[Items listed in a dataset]
BEGIN

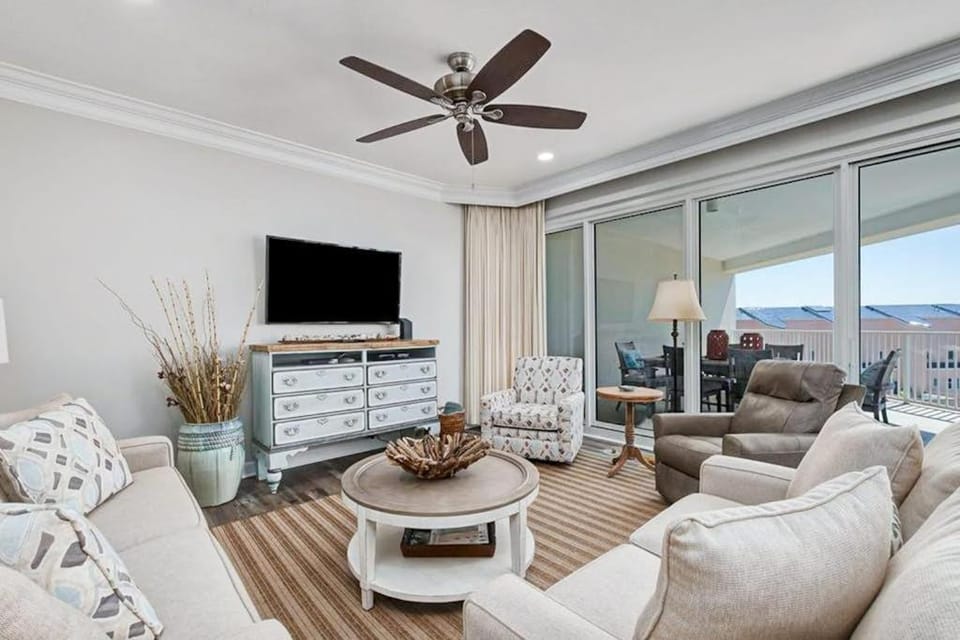 Oceanview Condo with Pools and Hot Tub House in Miramar Beach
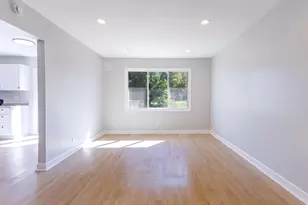 17751 Hillcrest Dr, Country Club Hills, IL 60478 - Photo 2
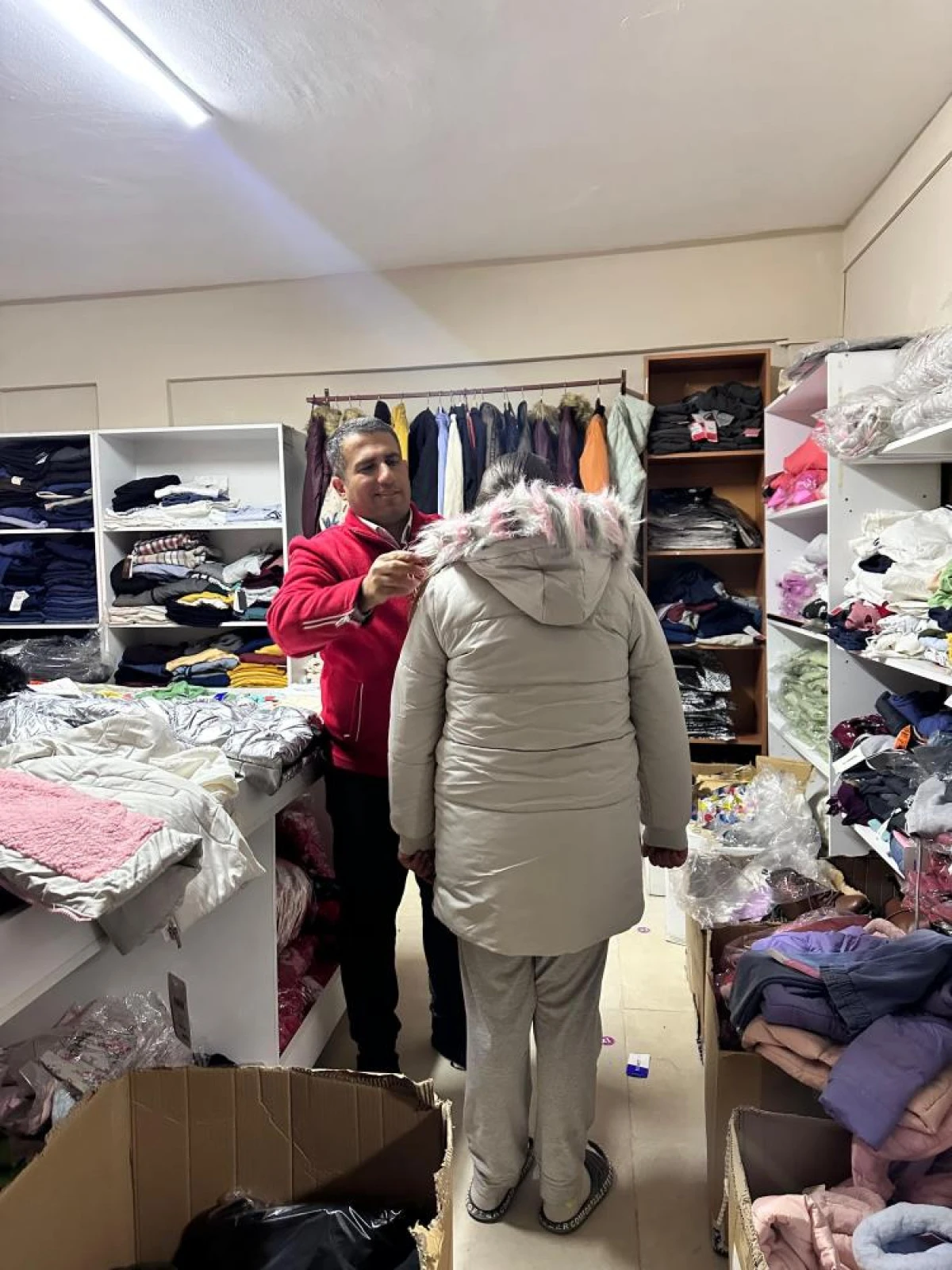 Muradiye'de Kızılay'dan kışlık giyim desteği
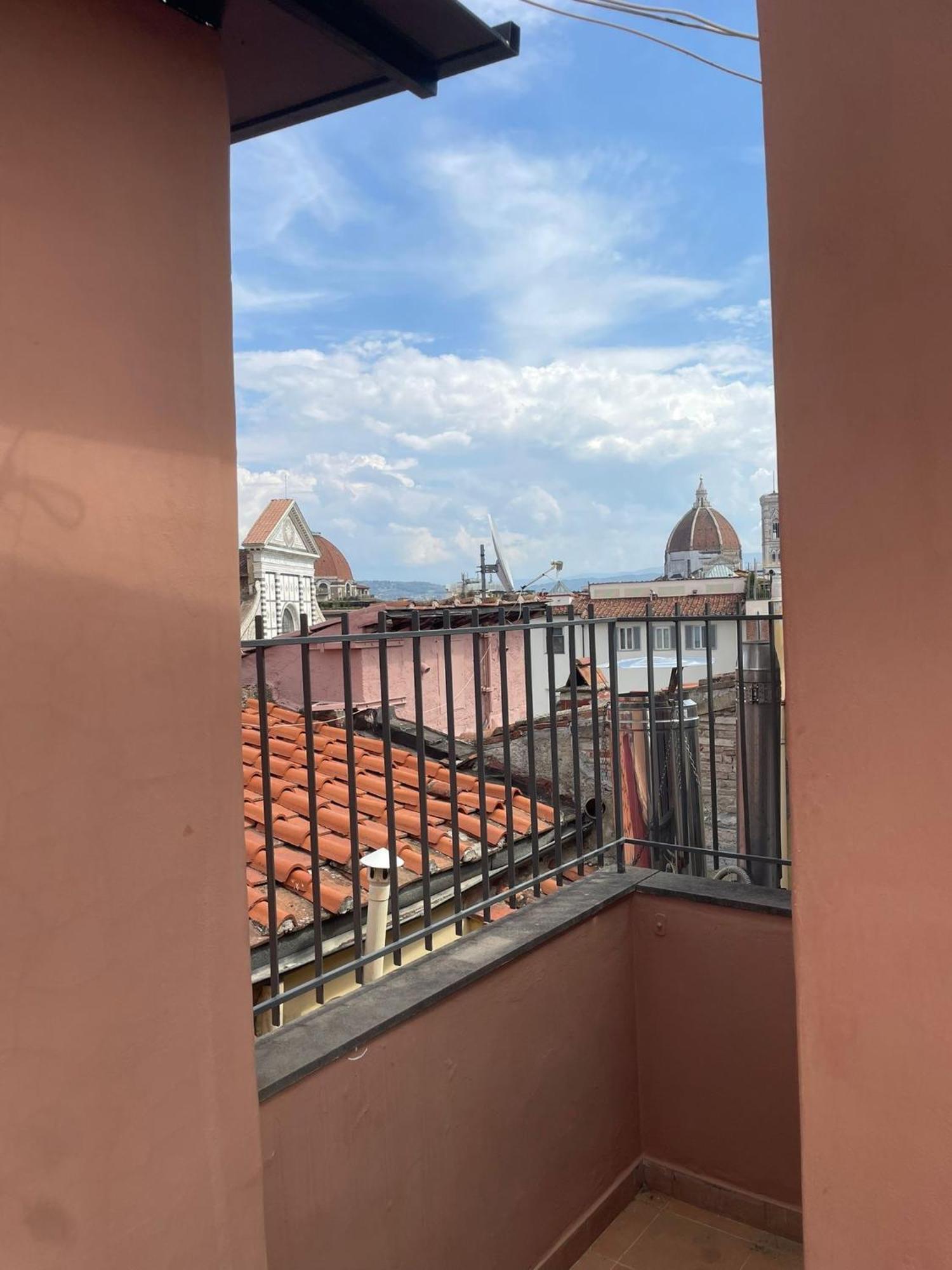 Отель Casa Francis Флоренция Экстерьер фото
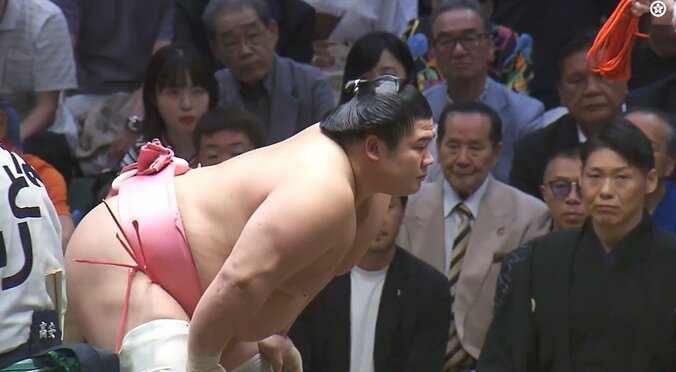 親方の背後に内山高志氏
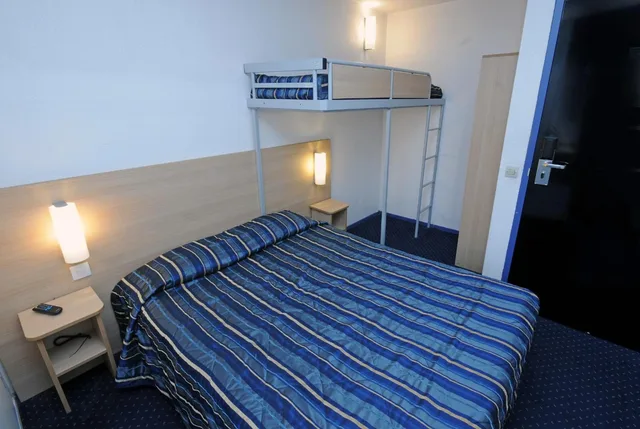 غرفة ثلاثية بسرير مزدوج وسرير بطابقين، Mister Bed Lille Lomme Hotel 2/4
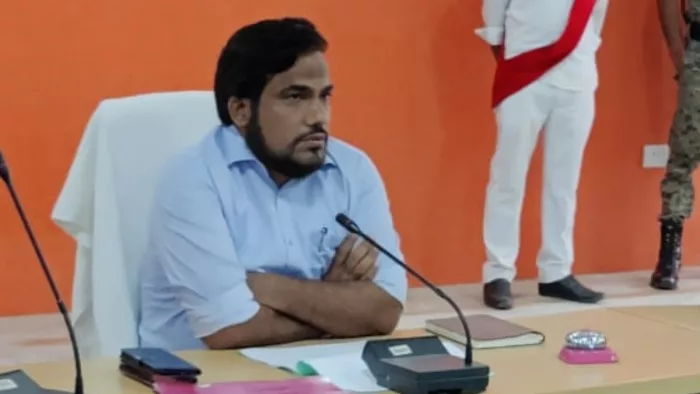 DM यशपाल मीणा के पास पहुंची 'हेराफेरी' की फाइल (फाइल फोटो)
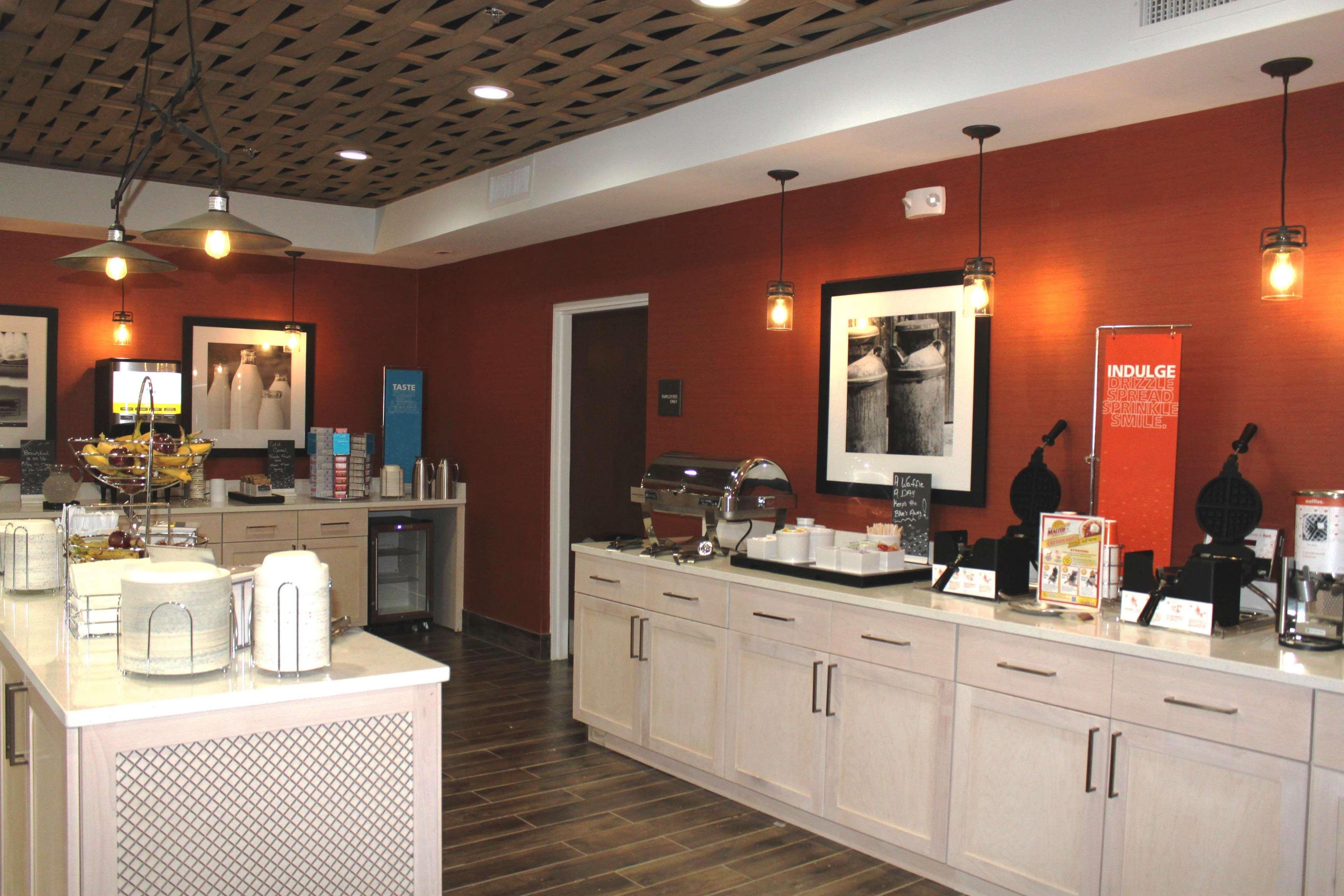 Hampton Inn Forsyth Extérieur photo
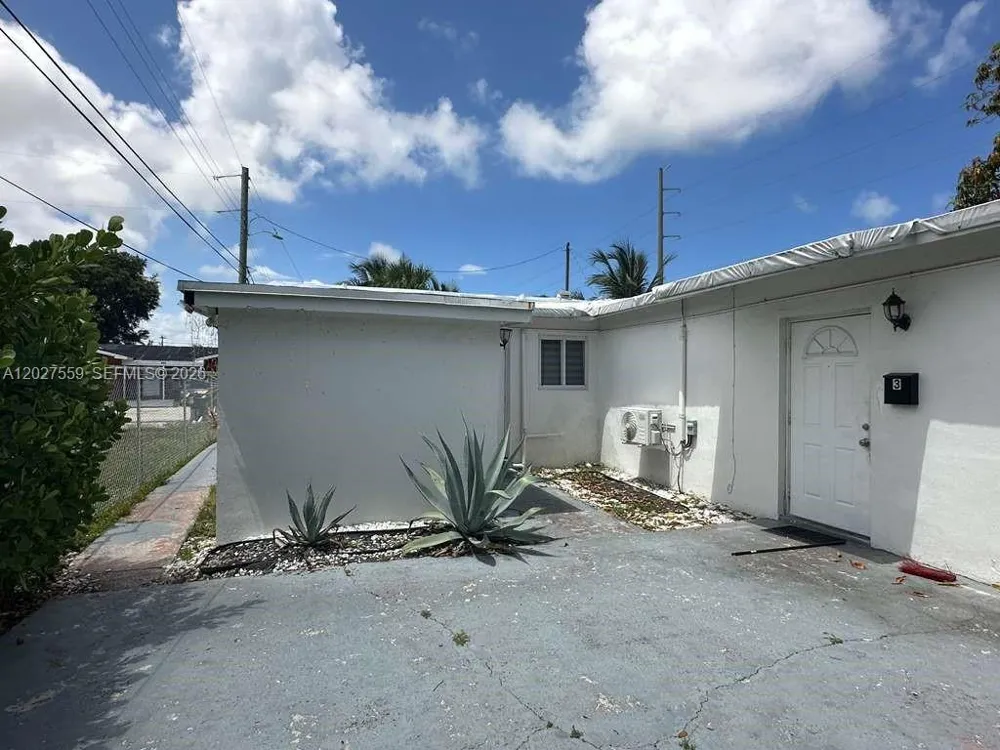 685 SW 7th Ter Dania Beach, FL 33004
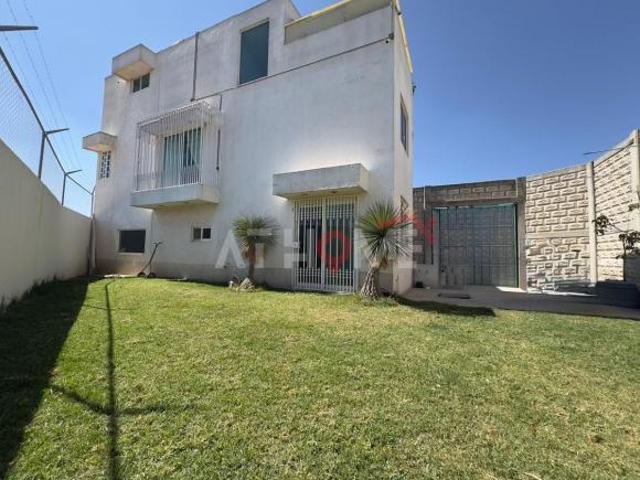 Casa con ampliación en venta en Paseo de Santa Bárbara, Amozoc | 225 m² de construcción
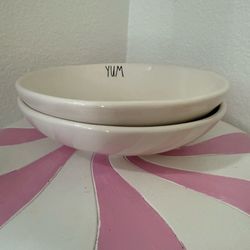 RAE DUNN PLATES  (SET OF 8)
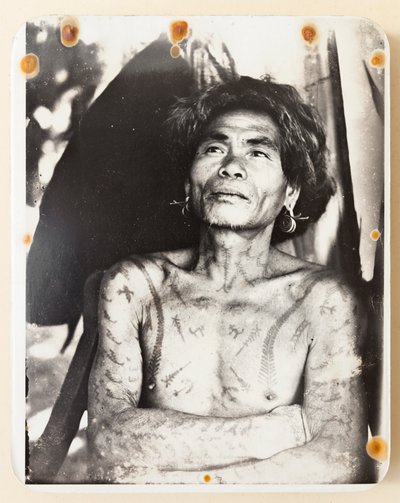 En tatuerad Ifugao från Kababuyan-distriktet av Roy Barton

END

What you have to do - Only the lines from the one containing "親方の背後に内山高志氏" through the end of the records above should be retyped, exactly as they stand, with any pictures left out.

Exercise response -
 親方の背後に内山高志氏
 غرفة ثلاثية بسرير مزدوج وسرير بطابقين، Mister Bed Lille Lomme Hotel 2/4
 DM यशपाल मीणा के पास पहुंची 'हेराफेरी' की फाइल (फाइल फोटो)
 Hampton Inn Forsyth Extérieur photo
 685 SW 7th Ter Dania Beach, FL 33004
 Casa con ampliación en venta en Paseo de Santa Bárbara, Amozoc | 225 m² de construcción
 RAE DUNN PLATES  (SET OF 8)
 En tatuerad Ifugao från Kababuyan-distriktet av Roy Barton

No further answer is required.